Medisafe’s Significant Adherence and Health Impacts
Dr. Danny Sands
Chief Medical Officer, Medisafe
Today, Medisafe shared preliminary results of a study performed by the leading global provider of information, innovative technology solutions and contract research services focused on healthcare data. The purpose was to understand the real impact of Medisafe on users’ medication adherence.
It goes without saying that patients not taking medications as prescribed contributes to poor health outcomes and great financial cost.
Background and Methods
Medisafe is the leading personalized medication management platform with almost four and a half million users, addressing all major causes of non adherence. In order to evaluate the adherence of Medisafe users with hypertension, we compared patients’ drug adherence before and during the use of the Medisafe app using an industry standard metric of adherence called the Medication Possession Ratio (MPR).
Although there have been millions of Medisafe users, we could only do this comparison in the subset of users for whom we could match their medication claims data, which we needed to calculate the MPR. All matching was done to HIPAA-compliant privacy standards, without revealing individual patient identities. As a company, we pride ourselves in stringently maintaining the confidentiality of our users’ data, and this procedure upheld this principle.
The MPR is a ratio of days’ supply of medications obtained by the patient in a specific period of time to the number of days in that period of time. So a patient with an MPR of 1.0 (100%) would be obtaining (and presumably taking) their medication all the time as prescribed. While imperfect (more on that in a future post), MPR has become an industry standard because it is a convenient metric. And the reality is there is no perfect measurement of drug adherence.

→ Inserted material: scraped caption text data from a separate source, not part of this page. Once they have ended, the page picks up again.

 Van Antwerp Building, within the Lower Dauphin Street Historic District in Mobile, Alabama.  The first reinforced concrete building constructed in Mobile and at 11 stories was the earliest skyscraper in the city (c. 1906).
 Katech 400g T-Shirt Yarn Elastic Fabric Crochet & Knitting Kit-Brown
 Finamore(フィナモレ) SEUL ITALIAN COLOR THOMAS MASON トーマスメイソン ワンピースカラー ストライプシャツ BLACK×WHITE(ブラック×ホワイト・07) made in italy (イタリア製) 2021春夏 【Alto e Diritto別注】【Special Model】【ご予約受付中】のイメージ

For this study we included users ≥ 18 years-old for whom we had six months of data before starting Medisafe and while using Medisafe who were taking at least one drug to treat hypertension. Over 4000 users met criteria to be included in our analysis.
We hypothesized that the impact of Medisafe on users may vary, depending on their baseline level of adherence. We broke users down into deciles of adherence based on their MPR. So users with MPRs of 0-0.1 started out with the lowest adherence rate and those with MPRs 0.9-1.0 had the greatest adherence.
Results
The results were striking. The absolute MPR across all users increased an average of 8 points. Even more remarkable was the changes of adherence when broken down by their adherence rates before using Medisafe.

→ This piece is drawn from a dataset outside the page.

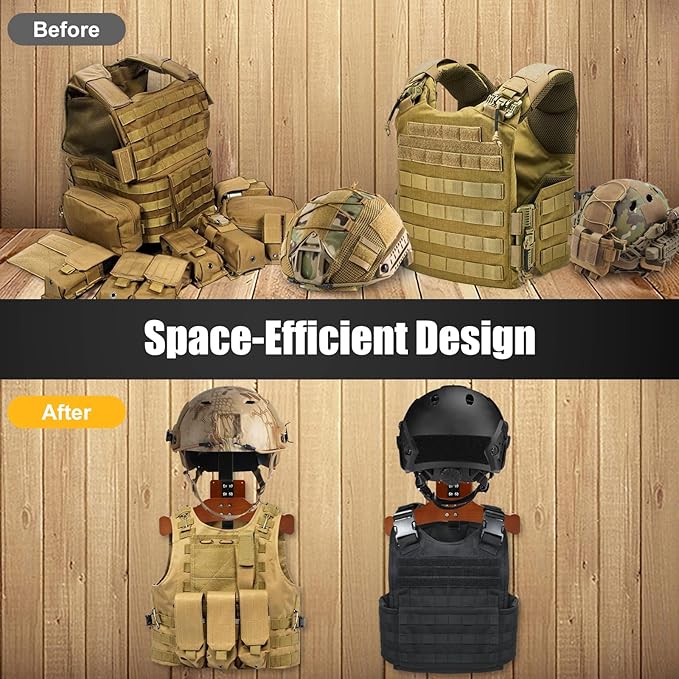 Tactical Gear Stand, Supports 100 LBS Wall Mounted Police Gear Rack, Heavy-Duty Body Armor Stand, Solid Wood Airsoft Plate Carrier Hanger, Motorcycle Helmet Holder Wall Mount Display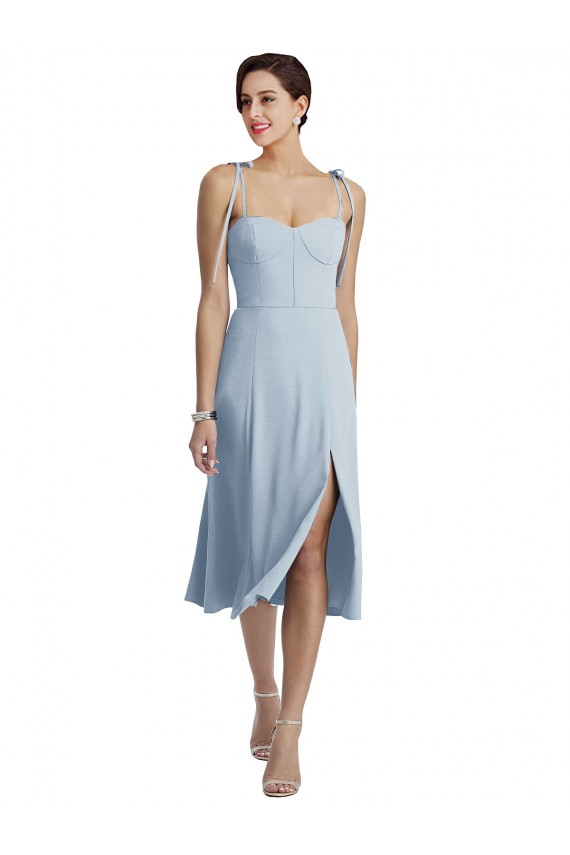 Online Azzurro cielo Linea A Innamorato Midi Crespo Elastico Corto Abiti da damigella donore / Abiti da ballo / Abiti da cocktail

If we say that a good adherence rate in hypertension is at least 80% (MPR ≥ 0.8), the percentage of users who had acceptable adherence increased from 71% to 86%, an absolute increase of 15% (and a statistically—and clinically—significant change).

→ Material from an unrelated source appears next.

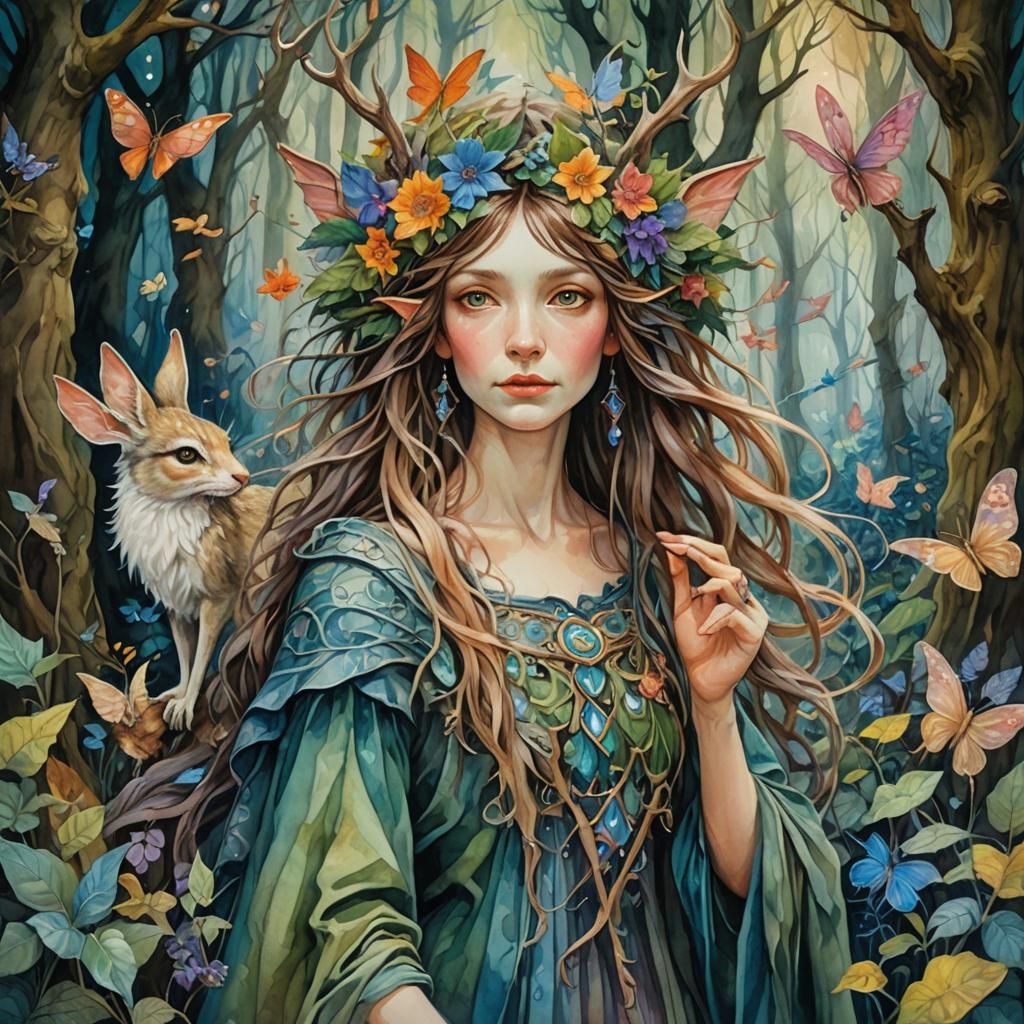 A beautiful woman in the style of Brian Froud  by @tamalita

74% of users who started with a low adherence rate of under 50% increased their adherence by 5 deciles while using Medisafe. For example, a user starting out with a 30-40% adherence rate would have increased her adherence to 80-90%.
Impact
This study shows that the use of Medisafe has a significant effect on drug adherence. The strengths of the study are the large number of diverse users included and the length of the study period.
This was a self-selected population in a retrospective study, meaning that we did not randomize people to use or not use Medisafe, so it is possible that they were already motivated to change.
But no intervention works for everyone and some patients will remain non-adherence regardless of what we try to get them to do. That said, Medisafe is working to create even greater personalization of medication adherence approaches.
One analysis suggests that controlling blood pressure of just 10% more people with hypertension would save 14,000 lives in the US alone.
Our analysis to date only includes users with hypertension. Hypertension is generally an asymptomatic disease; patients are treated to reduce the risk of future problems, such as heart attacks, congestive heart failure, stroke, and kidney failure, but we know that people discount future probabilities. Therefore adherence rates for hypertension treatments are notoriously low.
That Medisafe could improve adherence so greatly in this population is remarkable. One analysis suggests that controlling blood pressure of just 10% more people with hypertension would save 14,000 lives in the US alone.
Improving medication adherence is one way to do that. We would anticipate an even greater improvement in adherence in other conditions, which we will be studying in the future. And higher levels of medication adherence in hypertension has been shown to reduce overall medical costs and hospitalizations.
This study provides compelling evidence that tools to improve patient medication adherence do have an impact. We will continue to study the impact of the Medisafe platform on user medication behaviors, even as we work to further personalize our approach to medication adherence.